The Department of Defense will help small defense contractors protect their networks from increasingly threatening cyber actors who are stealing trade secrets and waging economic espionage.
The Pentagon will step up its efforts after a Government Accountability Office (GAO) report criticized it for failing to offer these smaller companies adequate support.
The entire U.S. defense-contractor field faces a rising tide of cyberattacks, but small businesses in particular lack the resources to defend themselves. Major contractors like Boeing and Lockheed Martin have larger cybersecurity budgets and can hire more researchers and engineers to bolster their defenses.
In the face of the sustained theft and espionage campaigns against its corporate partners, the Pentagon will begin hosting training events and education programs for employees of the smaller companies. The new policy aligns with the Defense Department’s goal, outlined in its 2015 Cyber Strategy, of stepping up its partnership with the private sector to defend American networks.
Small defense companies accounted for $55.5 billion in Pentagon contracts in 2014, about 12 percent of the military’s total budget.
The Pentagon acknowledged the GAO report’s findings and pledged a new approach to cybersecurity for small military contractors.

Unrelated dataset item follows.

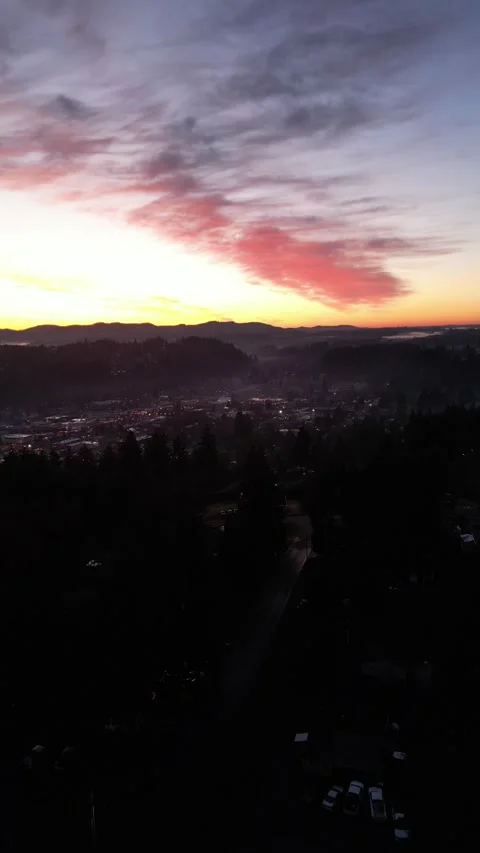 Evening sunset vertical video 動画素材 276851508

“Future outreach by the [Department of Defense Office of Small Business Programs] will increase awareness of cybersecurity education for its stakeholders,” OSBP director Kenyata Wesley wrote in response to the report. “The DoD OSBP will also increase awareness of the cybersecurity education resources among the DoD Small Business workforce through training events, education programs and by issuing guidance to the Military Departments and Defense Agencies.”

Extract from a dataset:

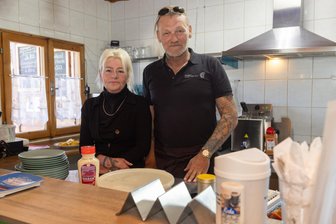 Von Spanien direkt ins Erzgebirge: Neustart in Imbiss am Fichtelberg - Neustart am Fichtelberg: Ivette Kaden und Matthias Lanzerath in ihrem Imbiss.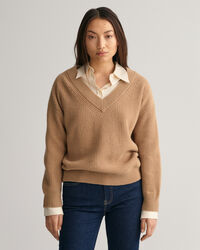 Ribstrikket sweater i uld med V-hals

The most pressing cyber threats identified in the report included botnets, independent criminals, hacktivists, insider threats (namely rogue employees), terrorist groups, and nation-states.
Foreign governments pose the most significant threats. While China and Russia operate some of the most sophisticated cyberwarfare programs in the world, according to Director of National Intelligence James Clapper, Iran and North Korea are less sophisticated but “if they choose, can do great harm.”